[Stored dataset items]
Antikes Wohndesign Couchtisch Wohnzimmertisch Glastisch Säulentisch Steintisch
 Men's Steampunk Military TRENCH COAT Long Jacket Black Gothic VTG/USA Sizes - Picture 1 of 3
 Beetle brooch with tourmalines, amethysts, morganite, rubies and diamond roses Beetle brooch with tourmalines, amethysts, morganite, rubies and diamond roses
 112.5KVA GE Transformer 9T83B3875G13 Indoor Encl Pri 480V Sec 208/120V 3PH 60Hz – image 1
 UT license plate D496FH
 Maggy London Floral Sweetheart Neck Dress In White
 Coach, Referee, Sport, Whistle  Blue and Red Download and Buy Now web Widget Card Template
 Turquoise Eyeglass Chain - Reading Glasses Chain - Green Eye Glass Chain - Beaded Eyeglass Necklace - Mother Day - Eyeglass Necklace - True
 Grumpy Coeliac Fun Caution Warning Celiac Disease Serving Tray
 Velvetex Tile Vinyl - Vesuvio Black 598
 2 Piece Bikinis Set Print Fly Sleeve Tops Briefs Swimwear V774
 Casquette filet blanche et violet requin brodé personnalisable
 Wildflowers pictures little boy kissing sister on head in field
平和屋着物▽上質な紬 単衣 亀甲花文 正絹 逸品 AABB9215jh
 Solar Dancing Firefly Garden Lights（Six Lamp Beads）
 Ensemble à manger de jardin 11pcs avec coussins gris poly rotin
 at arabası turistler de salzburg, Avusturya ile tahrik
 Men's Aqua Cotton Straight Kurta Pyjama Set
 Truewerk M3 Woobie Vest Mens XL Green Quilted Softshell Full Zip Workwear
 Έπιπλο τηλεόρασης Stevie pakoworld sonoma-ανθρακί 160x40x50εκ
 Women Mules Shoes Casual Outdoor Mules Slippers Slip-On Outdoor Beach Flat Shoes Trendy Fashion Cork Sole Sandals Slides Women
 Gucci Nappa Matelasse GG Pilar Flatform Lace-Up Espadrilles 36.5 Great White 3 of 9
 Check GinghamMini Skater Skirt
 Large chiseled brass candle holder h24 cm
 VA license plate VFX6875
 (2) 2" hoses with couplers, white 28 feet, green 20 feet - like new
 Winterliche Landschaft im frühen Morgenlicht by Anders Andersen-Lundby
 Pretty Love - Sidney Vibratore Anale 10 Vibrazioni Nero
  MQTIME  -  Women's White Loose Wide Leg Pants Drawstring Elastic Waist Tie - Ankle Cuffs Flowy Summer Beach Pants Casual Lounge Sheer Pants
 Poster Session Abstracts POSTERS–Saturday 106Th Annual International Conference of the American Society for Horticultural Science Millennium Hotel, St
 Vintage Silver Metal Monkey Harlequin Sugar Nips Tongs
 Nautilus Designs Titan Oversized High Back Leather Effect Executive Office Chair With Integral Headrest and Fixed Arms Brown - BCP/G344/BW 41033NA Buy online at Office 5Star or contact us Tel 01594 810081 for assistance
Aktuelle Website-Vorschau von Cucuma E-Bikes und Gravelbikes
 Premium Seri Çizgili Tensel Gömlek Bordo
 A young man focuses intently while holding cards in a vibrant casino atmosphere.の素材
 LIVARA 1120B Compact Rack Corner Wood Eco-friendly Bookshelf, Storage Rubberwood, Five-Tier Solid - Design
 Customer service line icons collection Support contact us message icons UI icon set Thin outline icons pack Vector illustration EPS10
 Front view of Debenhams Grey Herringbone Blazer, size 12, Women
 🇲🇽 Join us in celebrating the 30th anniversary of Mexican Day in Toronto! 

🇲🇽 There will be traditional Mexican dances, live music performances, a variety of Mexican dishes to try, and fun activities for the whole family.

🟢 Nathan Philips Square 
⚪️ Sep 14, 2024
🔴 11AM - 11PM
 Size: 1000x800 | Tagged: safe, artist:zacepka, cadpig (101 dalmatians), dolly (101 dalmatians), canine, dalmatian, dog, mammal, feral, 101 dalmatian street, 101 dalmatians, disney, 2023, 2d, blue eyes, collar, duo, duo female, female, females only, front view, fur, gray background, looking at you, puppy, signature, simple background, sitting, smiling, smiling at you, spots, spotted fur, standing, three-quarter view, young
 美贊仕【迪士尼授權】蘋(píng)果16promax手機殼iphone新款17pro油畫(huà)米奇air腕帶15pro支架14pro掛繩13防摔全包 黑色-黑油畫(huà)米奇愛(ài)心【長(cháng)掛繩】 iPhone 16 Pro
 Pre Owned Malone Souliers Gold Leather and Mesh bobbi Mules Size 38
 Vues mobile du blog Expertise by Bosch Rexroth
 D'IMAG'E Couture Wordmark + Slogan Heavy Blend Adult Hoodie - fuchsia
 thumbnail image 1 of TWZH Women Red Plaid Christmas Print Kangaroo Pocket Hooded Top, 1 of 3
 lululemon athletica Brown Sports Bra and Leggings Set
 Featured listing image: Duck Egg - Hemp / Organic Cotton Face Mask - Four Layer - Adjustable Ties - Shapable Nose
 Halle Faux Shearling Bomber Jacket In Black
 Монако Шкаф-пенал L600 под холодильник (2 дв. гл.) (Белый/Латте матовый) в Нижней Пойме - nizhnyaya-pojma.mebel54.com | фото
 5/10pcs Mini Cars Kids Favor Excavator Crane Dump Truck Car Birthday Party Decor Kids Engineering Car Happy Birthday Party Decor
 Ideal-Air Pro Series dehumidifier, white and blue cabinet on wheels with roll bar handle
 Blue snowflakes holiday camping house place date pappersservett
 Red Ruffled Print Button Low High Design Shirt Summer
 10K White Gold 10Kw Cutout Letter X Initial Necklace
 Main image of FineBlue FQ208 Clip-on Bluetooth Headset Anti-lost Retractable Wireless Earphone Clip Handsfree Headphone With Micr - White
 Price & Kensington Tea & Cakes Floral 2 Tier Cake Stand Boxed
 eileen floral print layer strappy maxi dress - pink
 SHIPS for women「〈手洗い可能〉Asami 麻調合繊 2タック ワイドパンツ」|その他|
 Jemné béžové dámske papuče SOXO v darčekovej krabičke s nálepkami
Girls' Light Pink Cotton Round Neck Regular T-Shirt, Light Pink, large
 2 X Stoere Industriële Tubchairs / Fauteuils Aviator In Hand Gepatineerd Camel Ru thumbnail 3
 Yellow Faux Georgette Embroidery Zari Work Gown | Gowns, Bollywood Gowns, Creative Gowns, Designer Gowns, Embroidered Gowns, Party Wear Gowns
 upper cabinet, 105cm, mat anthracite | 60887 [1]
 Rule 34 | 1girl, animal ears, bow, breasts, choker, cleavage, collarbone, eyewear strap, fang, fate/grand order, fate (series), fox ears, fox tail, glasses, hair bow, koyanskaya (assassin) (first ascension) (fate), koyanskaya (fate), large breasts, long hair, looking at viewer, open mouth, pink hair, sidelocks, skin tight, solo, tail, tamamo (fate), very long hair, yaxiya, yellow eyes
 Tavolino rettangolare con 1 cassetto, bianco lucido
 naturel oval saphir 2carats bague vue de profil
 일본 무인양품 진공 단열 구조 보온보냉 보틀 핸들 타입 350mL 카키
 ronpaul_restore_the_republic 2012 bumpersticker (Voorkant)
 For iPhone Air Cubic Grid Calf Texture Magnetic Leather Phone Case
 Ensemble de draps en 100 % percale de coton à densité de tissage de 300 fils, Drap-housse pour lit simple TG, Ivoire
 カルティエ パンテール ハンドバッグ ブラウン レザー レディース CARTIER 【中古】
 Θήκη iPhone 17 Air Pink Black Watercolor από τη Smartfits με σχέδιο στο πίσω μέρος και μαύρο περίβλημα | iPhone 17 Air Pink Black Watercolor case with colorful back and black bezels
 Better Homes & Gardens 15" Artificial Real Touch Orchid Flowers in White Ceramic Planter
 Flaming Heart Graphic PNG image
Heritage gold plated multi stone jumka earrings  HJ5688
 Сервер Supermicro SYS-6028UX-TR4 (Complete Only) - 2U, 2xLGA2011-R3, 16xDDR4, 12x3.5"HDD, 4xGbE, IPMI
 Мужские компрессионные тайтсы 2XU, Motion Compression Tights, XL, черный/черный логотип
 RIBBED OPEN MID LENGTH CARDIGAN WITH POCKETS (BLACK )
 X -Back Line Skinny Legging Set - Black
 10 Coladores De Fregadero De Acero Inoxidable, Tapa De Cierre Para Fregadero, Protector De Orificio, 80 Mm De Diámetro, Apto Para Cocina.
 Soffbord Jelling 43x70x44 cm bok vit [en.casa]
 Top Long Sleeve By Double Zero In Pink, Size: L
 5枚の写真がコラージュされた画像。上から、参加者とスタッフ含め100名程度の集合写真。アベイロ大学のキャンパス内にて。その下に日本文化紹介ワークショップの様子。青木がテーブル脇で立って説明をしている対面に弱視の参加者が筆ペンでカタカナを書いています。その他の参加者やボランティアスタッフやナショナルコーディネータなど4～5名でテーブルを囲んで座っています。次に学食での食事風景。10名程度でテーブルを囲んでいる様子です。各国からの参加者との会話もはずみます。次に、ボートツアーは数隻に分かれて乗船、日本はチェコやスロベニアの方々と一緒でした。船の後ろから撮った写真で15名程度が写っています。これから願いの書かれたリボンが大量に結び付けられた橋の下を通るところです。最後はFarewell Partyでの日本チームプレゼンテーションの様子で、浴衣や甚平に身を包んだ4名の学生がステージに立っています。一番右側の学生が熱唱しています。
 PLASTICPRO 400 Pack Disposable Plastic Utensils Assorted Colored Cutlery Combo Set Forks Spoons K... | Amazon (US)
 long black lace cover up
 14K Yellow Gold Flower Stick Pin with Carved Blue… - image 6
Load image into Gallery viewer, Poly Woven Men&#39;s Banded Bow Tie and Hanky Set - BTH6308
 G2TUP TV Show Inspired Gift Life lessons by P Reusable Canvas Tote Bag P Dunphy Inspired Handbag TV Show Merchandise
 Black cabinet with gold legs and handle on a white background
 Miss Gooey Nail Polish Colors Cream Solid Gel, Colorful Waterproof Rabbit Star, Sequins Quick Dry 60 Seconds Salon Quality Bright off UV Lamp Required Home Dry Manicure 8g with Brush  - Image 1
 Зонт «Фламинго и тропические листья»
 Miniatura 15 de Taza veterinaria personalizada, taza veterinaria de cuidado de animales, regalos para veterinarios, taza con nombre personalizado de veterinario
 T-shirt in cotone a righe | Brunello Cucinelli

▶ [Task to complete]: An exact copy of the lines above between the line holding "Aktuelle Website-Vorschau von" and the line holding "11AM - 11PM", inclusive, is the whole answer.

▶ [Result of the exercise]:
Aktuelle Website-Vorschau von Cucuma E-Bikes und Gravelbikes
 Premium Seri Çizgili Tensel Gömlek Bordo
 A young man focuses intently while holding cards in a vibrant casino atmosphere.の素材
 LIVARA 1120B Compact Rack Corner Wood Eco-friendly Bookshelf, Storage Rubberwood, Five-Tier Solid - Design
 Customer service line icons collection Support contact us message icons UI icon set Thin outline icons pack Vector illustration EPS10
 Front view of Debenhams Grey Herringbone Blazer, size 12, Women
 🇲🇽 Join us in celebrating the 30th anniversary of Mexican Day in Toronto! 

🇲🇽 There will be traditional Mexican dances, live music performances, a variety of Mexican dishes to try, and fun activities for the whole family.

🟢 Nathan Philips Square 
⚪️ Sep 14, 2024
🔴 11AM - 11PM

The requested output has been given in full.